### Provided material
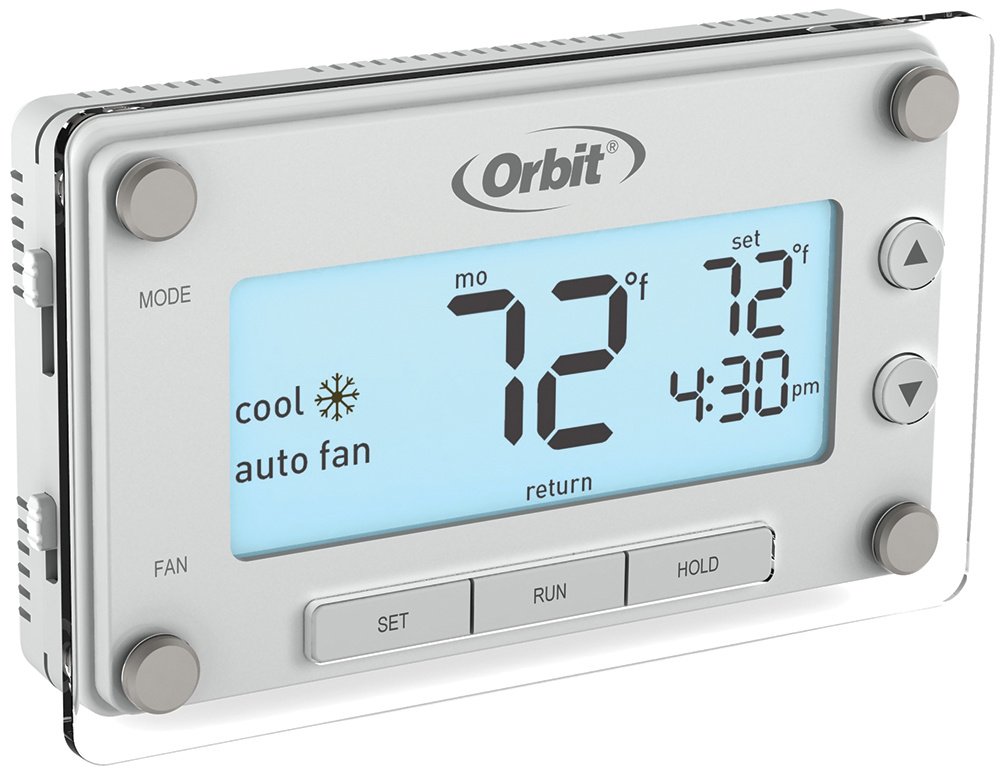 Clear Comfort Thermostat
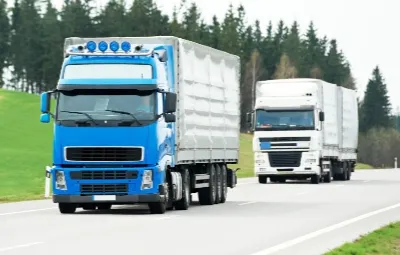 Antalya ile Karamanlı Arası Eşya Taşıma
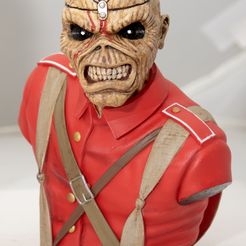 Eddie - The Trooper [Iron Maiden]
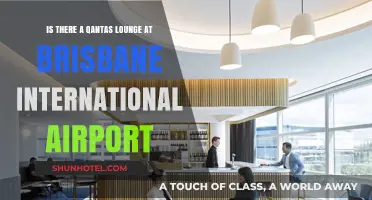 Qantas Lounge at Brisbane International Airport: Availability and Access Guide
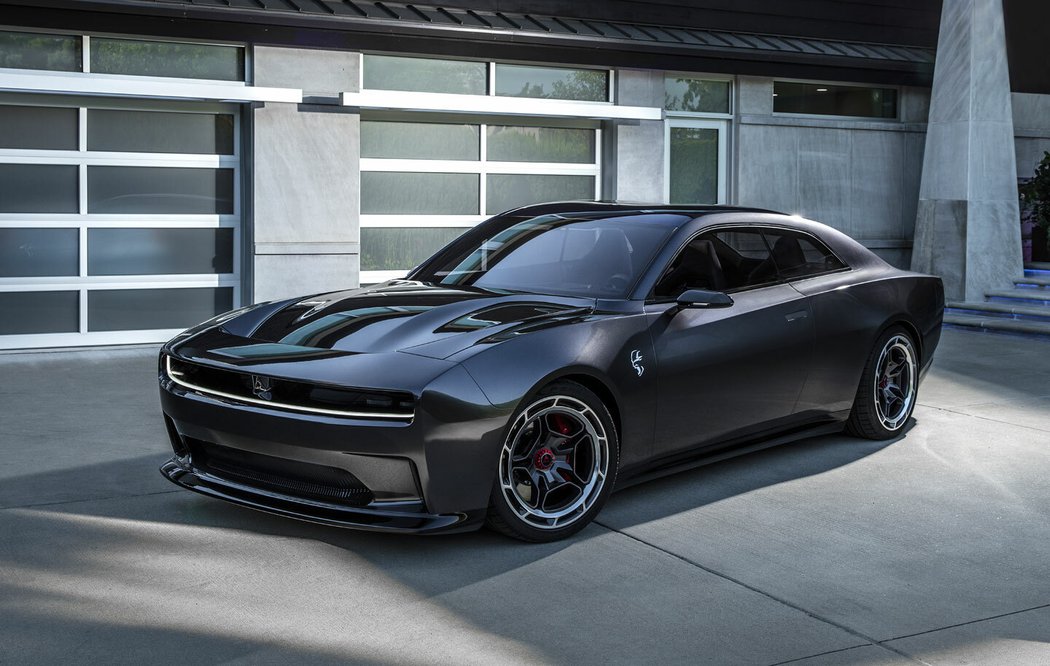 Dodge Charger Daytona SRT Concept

--

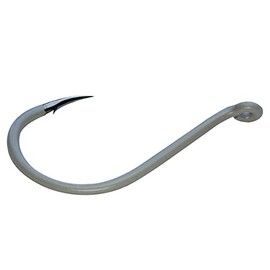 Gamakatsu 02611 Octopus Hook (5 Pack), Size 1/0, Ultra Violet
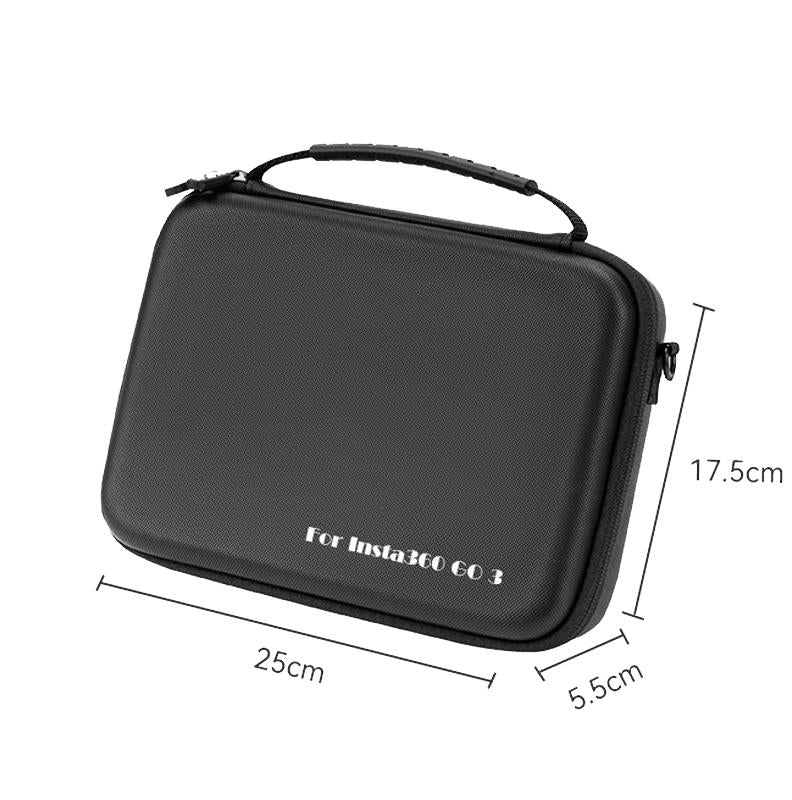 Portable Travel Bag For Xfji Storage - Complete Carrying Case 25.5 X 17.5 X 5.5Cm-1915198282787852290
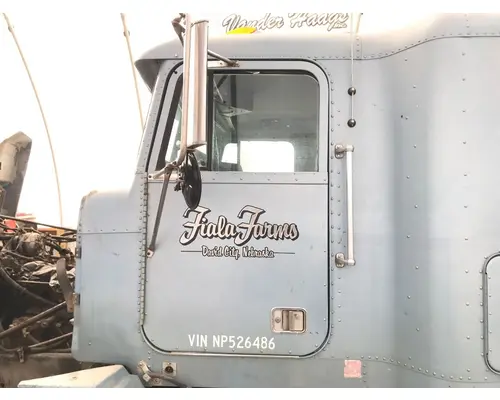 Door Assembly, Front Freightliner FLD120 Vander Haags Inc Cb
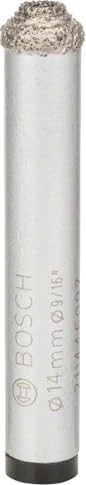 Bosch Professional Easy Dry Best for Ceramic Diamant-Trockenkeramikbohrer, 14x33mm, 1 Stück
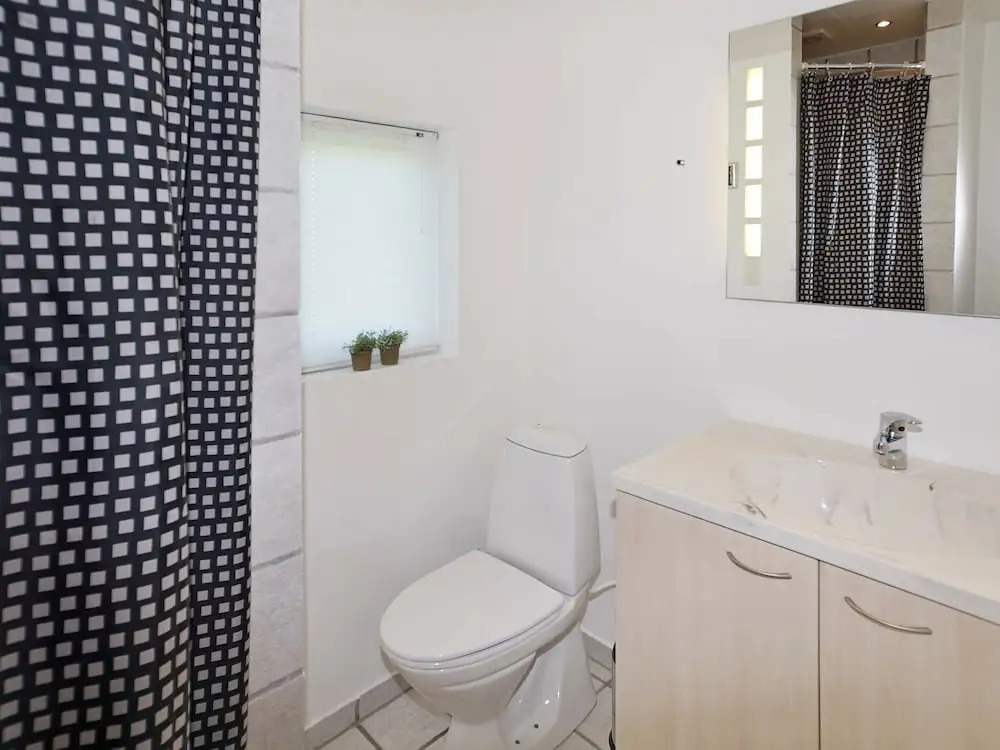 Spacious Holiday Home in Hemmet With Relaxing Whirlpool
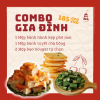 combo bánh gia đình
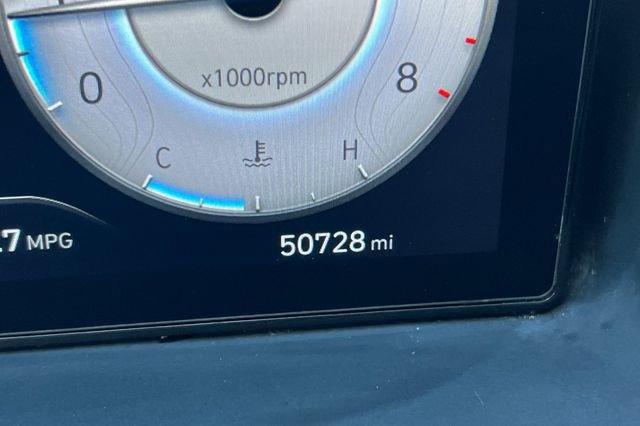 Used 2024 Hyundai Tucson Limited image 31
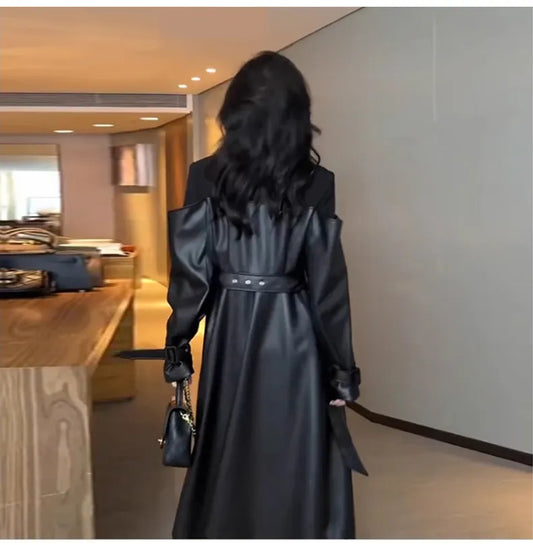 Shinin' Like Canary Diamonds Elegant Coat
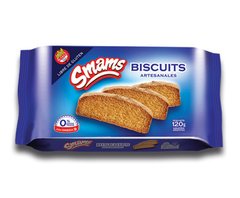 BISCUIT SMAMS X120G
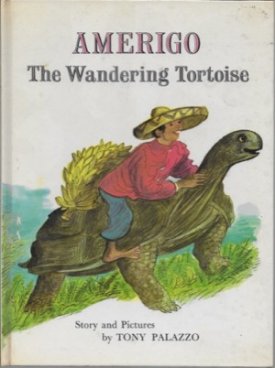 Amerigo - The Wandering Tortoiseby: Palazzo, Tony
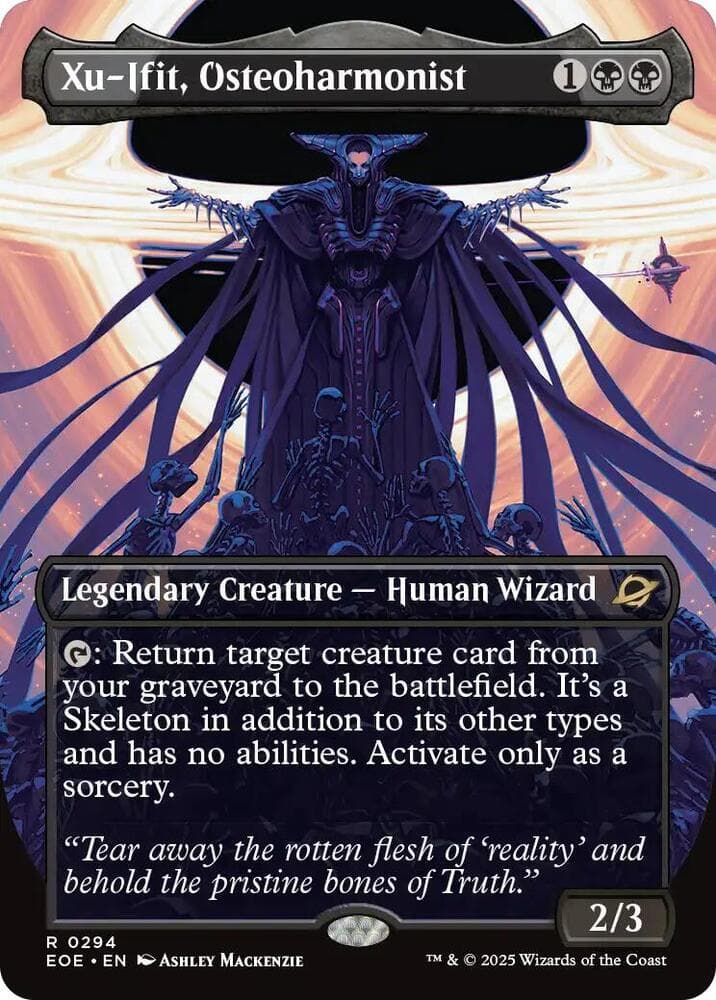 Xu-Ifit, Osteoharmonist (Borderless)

* * *

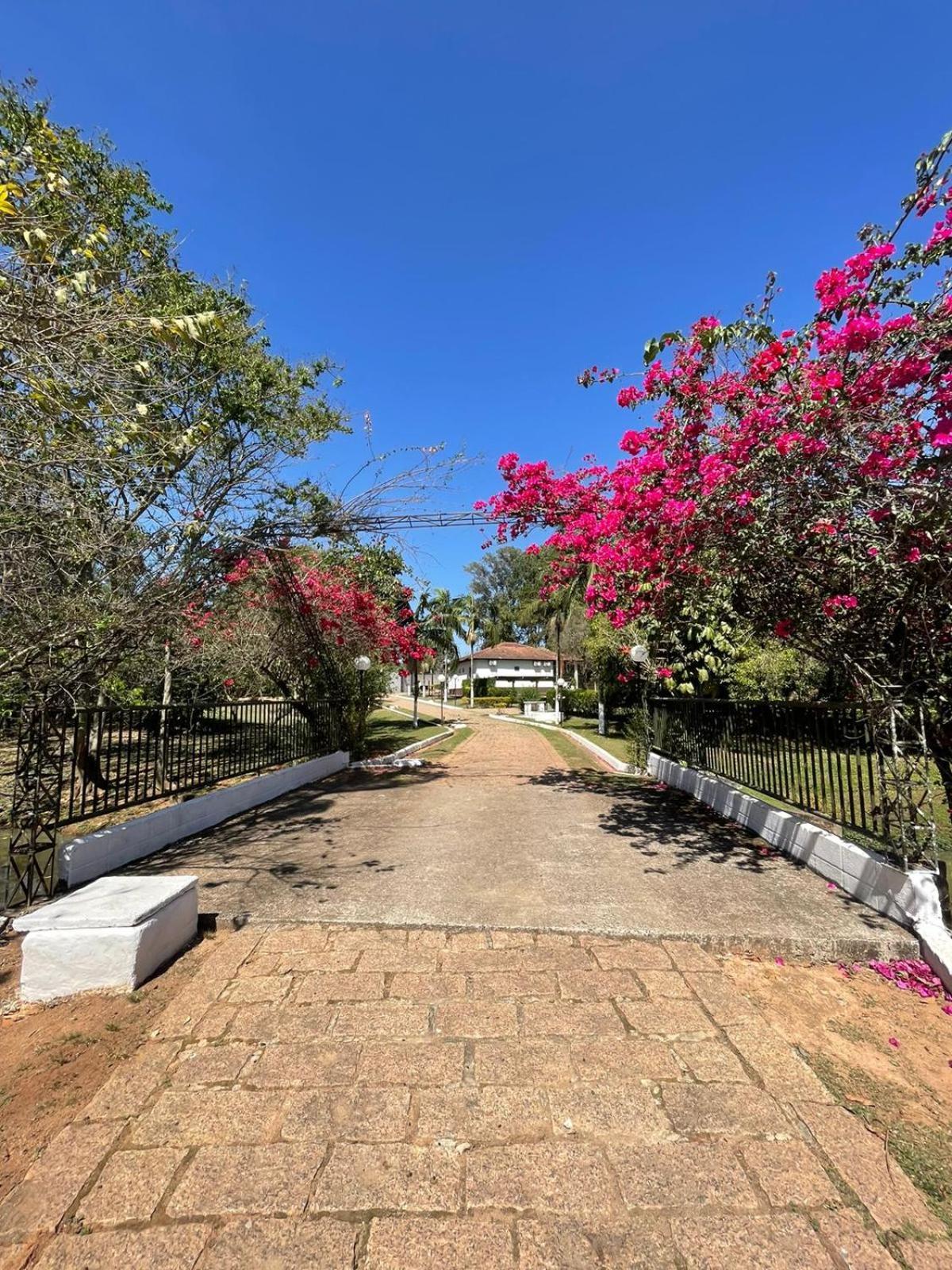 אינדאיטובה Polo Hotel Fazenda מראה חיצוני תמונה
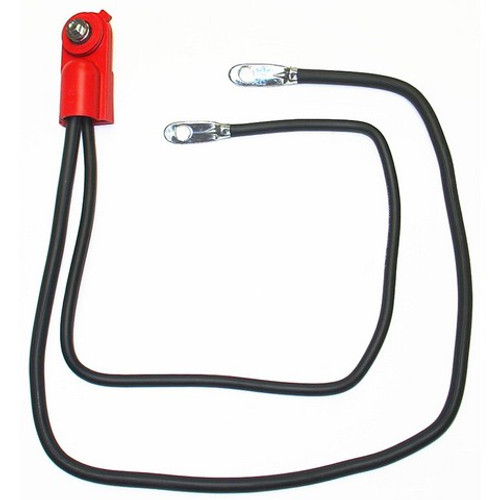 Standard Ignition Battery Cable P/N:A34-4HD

### Work to complete
Write out word for word the lines above that run from the one with "Portable Travel Bag" to the one with "Xu-Ifit, Osteoharmonist (Borderless)". Include both end lines; exclude the images.

### Expected answer
 Portable Travel Bag For Xfji Storage - Complete Carrying Case 25.5 X 17.5 X 5.5Cm-1915198282787852290
 Door Assembly, Front Freightliner FLD120 Vander Haags Inc Cb
 Bosch Professional Easy Dry Best for Ceramic Diamant-Trockenkeramikbohrer, 14x33mm, 1 Stück
 Spacious Holiday Home in Hemmet With Relaxing Whirlpool
 combo bánh gia đình
 Used 2024 Hyundai Tucson Limited image 31
 Shinin' Like Canary Diamonds Elegant Coat
 BISCUIT SMAMS X120G
 Amerigo - The Wandering Tortoiseby: Palazzo, Tony
 Xu-Ifit, Osteoharmonist (Borderless)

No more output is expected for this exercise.